一つは、現場が必要としているデバイスやクラウドサービスなどを把握し、未承認の外部サービスを利用しないで済むような環境を組織が整備することです。社内手続きを経て個人所有端末の業務利用を認めるBYODも一つの方法です。整備する際には、使い始めるときの手順や運用規定も同時に定め、組織の情報セキュリティポリシーとともに定期的に見直すことが重要です。
次に、セキュリティ研修を行い、従業員のセキュリティ意識の向上を図ることです。シャドーITによってインシデントが発生した場合、対応が遅れて所属する組織や関係先にも損失を与えるかもしれません。そうした危険性を全員に理解してもらい、セキュリティ文化を醸成します。これにより、外部のサービスが必要な場合は申請などの適切なプロセスを踏んで利用することを組織に浸透させられるでしょう。
最後は、CASB(Cloud Access Security Broker)などのITソリューションを活用する方法です。
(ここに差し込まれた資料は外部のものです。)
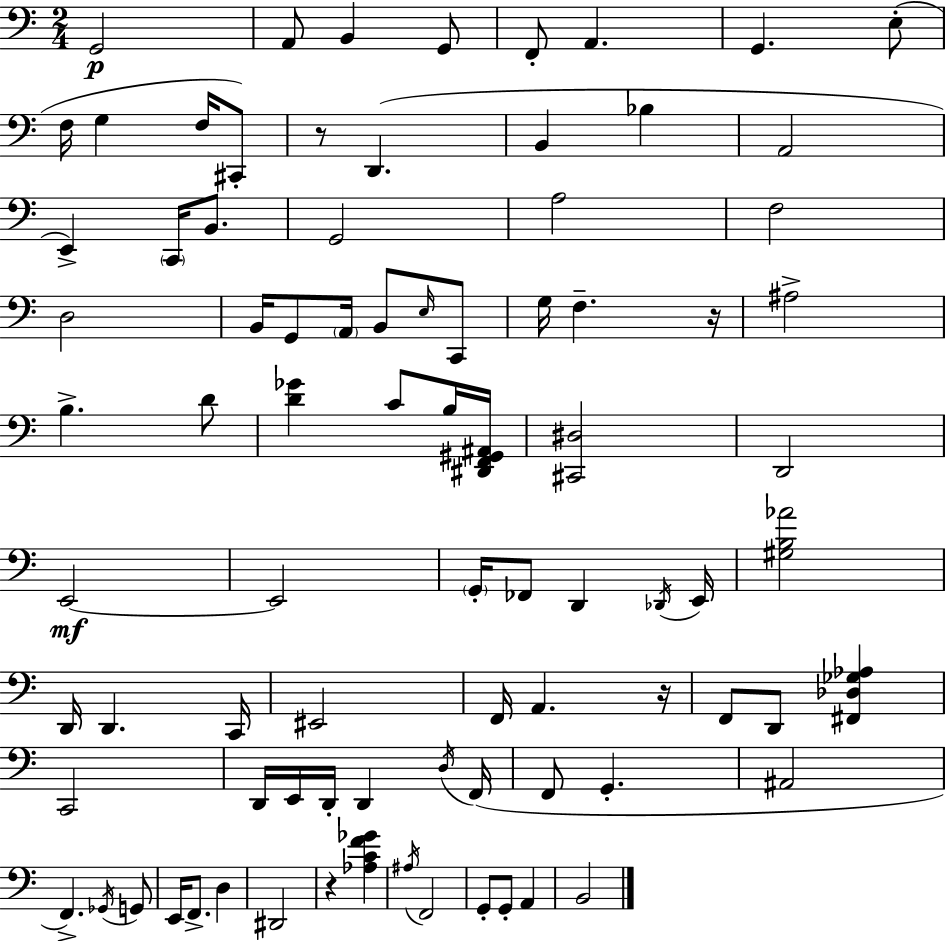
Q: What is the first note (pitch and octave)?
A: G2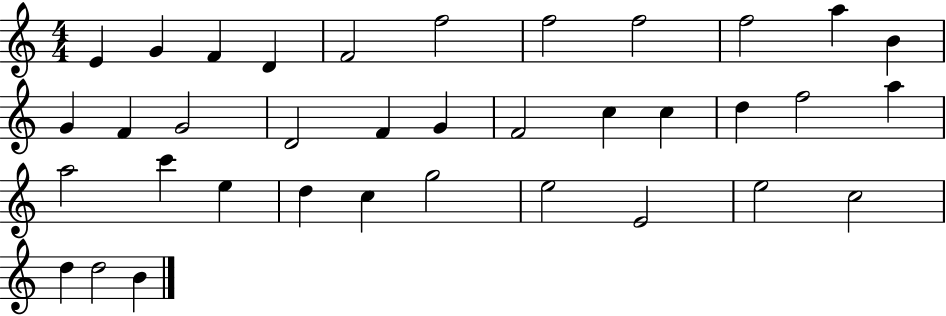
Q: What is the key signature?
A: C major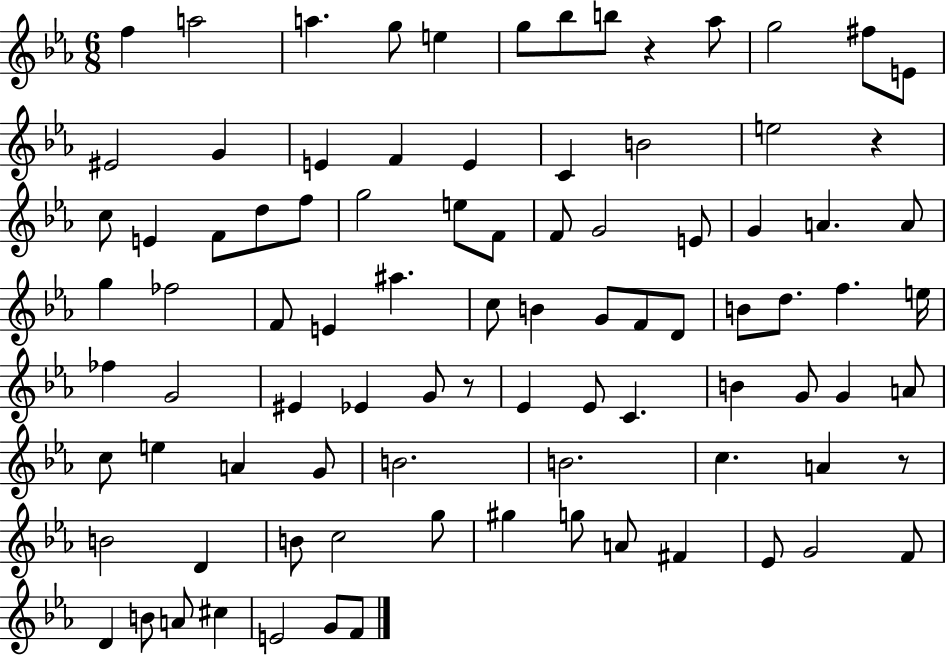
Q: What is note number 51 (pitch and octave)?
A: EIS4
CASBはクラウドサービスの利用状況を監視しシャドーITを特定するだけでなく、CASBが認めたサイトのみをアクセス可能にしたり、機密情報を含むデータがアップロードされるのをブロックしたりする制御機能を持ちます。
シャドーITの多くは、企業が提供するツールやサービスが十分でない環境の中で、従業員がタスクを完了しようとしたり、危険性を正しく認識できていない状況で発生します。そのため、企業のITを不必要に制限するのではなく、適切な環境整備や対策を通じて、シャドーITを未然に防止することが重要です。